After school every day, Lee or I will ask Mara what she did at school. Her first two answers are always the same, though they don’t always come in the same order. She’ll say, “I ate [whatever it was she ate]” and “I Shauna.” She’s been fascinated by her classmate Shauna since day one, and luckily Shauna liked her back, though one of her teachers thought there was a bit of a triangle dynamic where Mara swooned over Shauna while their classmate Shonte thought Mara was just the coolest thing ever. All three girls played well together, though, and got along well.
Yesterday and Monday, Mara’s answer about school included “and no Shauna!” Not knowing what was going on, we’d say, “Oh, that must have been hard for you to miss your favorite friend. Maybe she’ll be back tomorrow!” Today, though, Lee asked someone in charge and learned that Shauna’s family has moved away and she won’t be coming back. So when Mara was talking about moving to a new house to be able to play with Shauna, maybe she was connecting this with having been told that Shauna has moved to a new house. Maybe she thought she’d eventually be able to live with her beloved Shauna, which is not how it’s going to work. We have a lot to talk about with her, I think.
I’m planning to talk to the head teacher about what the transition was like for the class and how Mara’s addressing Shauna’s absence within the classroom. Maybe she can draw a picture and we can forward it along to Shauna with a note from us moms saying how much Shauna’s friendship meant to her. Meanwhile, though, Mara apparently started crying and calling Shauna’s name while Lee was trying to get her to sleep last night. After all the losses in Mara’s life, we’ve never really seen her grieve before, though we’ve seen moments of sadness and hints of loss.
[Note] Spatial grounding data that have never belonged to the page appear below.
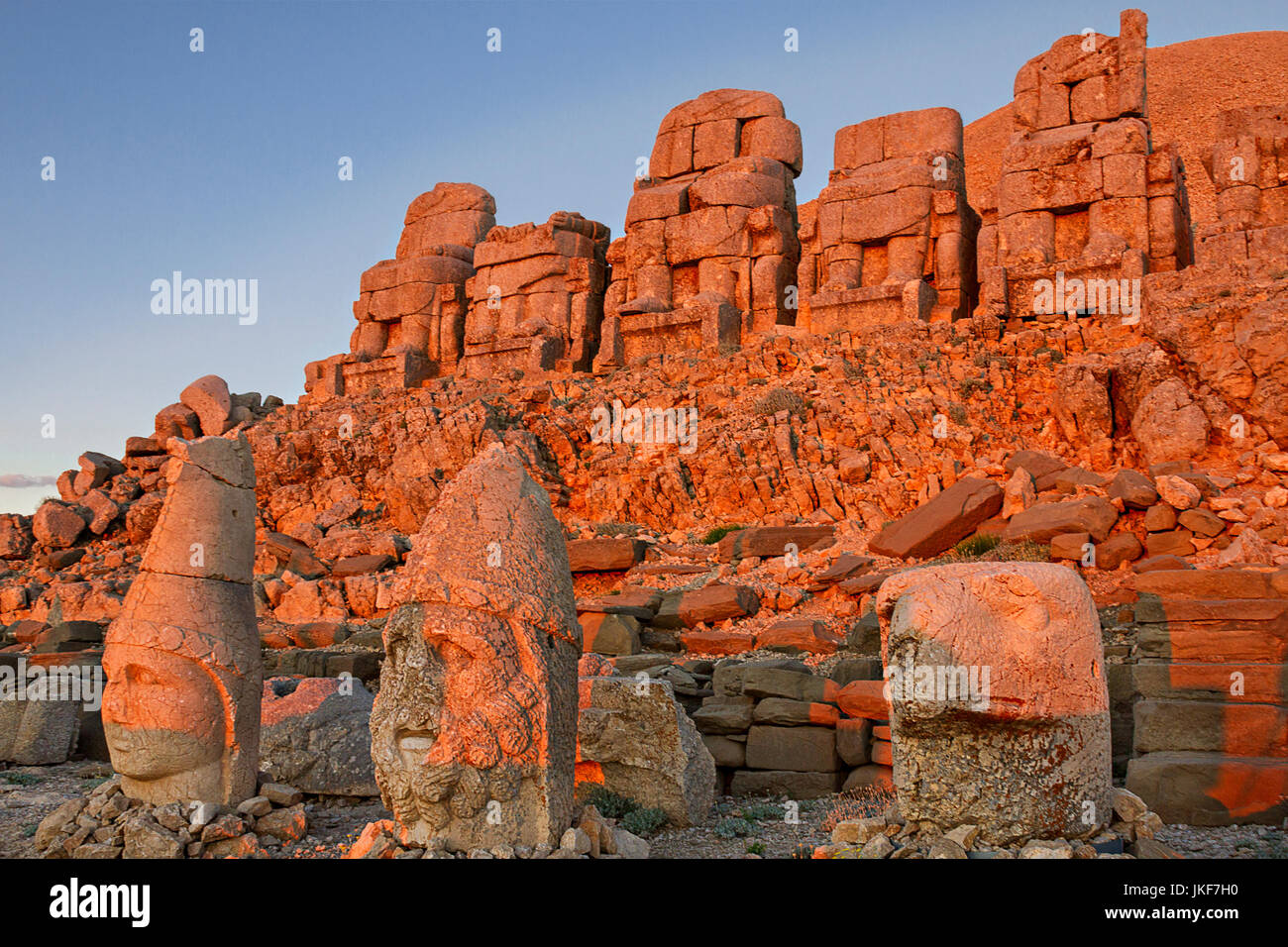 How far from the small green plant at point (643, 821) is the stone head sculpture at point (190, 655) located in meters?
2.15

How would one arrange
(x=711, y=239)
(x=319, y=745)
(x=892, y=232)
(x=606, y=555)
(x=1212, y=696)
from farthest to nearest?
(x=711, y=239)
(x=892, y=232)
(x=606, y=555)
(x=319, y=745)
(x=1212, y=696)

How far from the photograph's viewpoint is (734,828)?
6.17m

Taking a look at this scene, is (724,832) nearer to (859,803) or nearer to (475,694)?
(859,803)

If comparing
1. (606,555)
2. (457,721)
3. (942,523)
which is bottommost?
(457,721)

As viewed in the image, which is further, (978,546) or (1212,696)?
(978,546)

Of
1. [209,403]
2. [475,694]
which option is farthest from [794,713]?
[209,403]

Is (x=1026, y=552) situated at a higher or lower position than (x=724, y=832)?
higher

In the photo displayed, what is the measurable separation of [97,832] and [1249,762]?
625 cm

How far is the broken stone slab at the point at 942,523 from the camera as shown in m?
11.4

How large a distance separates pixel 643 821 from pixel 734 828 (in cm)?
54

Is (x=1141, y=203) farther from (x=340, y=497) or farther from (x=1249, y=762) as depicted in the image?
(x=340, y=497)

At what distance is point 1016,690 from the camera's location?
4609 millimetres

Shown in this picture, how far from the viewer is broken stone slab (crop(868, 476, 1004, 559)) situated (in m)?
11.4

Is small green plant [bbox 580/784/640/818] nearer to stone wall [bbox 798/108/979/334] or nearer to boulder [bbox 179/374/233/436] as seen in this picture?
stone wall [bbox 798/108/979/334] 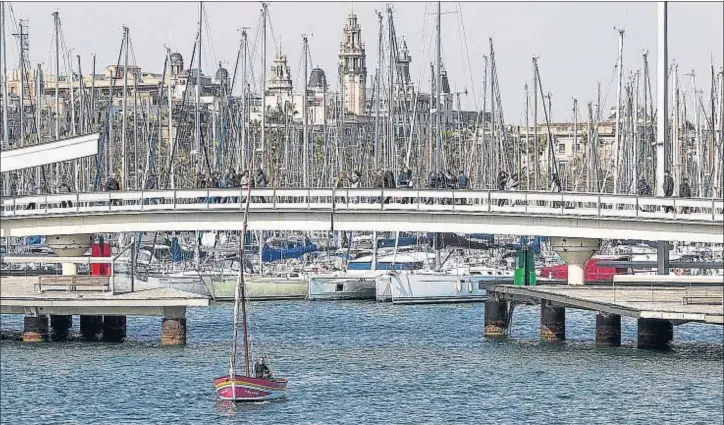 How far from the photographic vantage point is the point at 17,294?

I do think Shauna was Mara’s first friend, maybe first crush and first love in certain respects too. Even though her other foster family had kids in the same general age range as Mara (3 and 4 when she was 2) everyone’s feeling was that the two of them did things together and Mara either trailed behind or did her own thing. I think she was vaguely fond of them, but she’s been very clear about not wanting to talk about them or contact them since she’s been with us, though I still bring them up in case her answer changes. Now that she’s got language skills and is just older than she was before, though, she’s able to be friendly with the kids in her class and especially with Shauna.
For a long while, Mara’s word for a stranger was “friend,” as in, “Look, Mommy, a friend!” when we’d see a child walking across the street from us. That seems to have been overtaken by role descriptors like the ones she uses for people in books: princess (for a woman or girl in a skirt), mommy, daddy, grandma, grandpa, little boy, or little girl. She briefly thought that Lee and I were little boys and that my bearded father was a little girl, but she seems to recognize gender cues pretty well now and “little boy” or “little girl” seem to be settling as standards.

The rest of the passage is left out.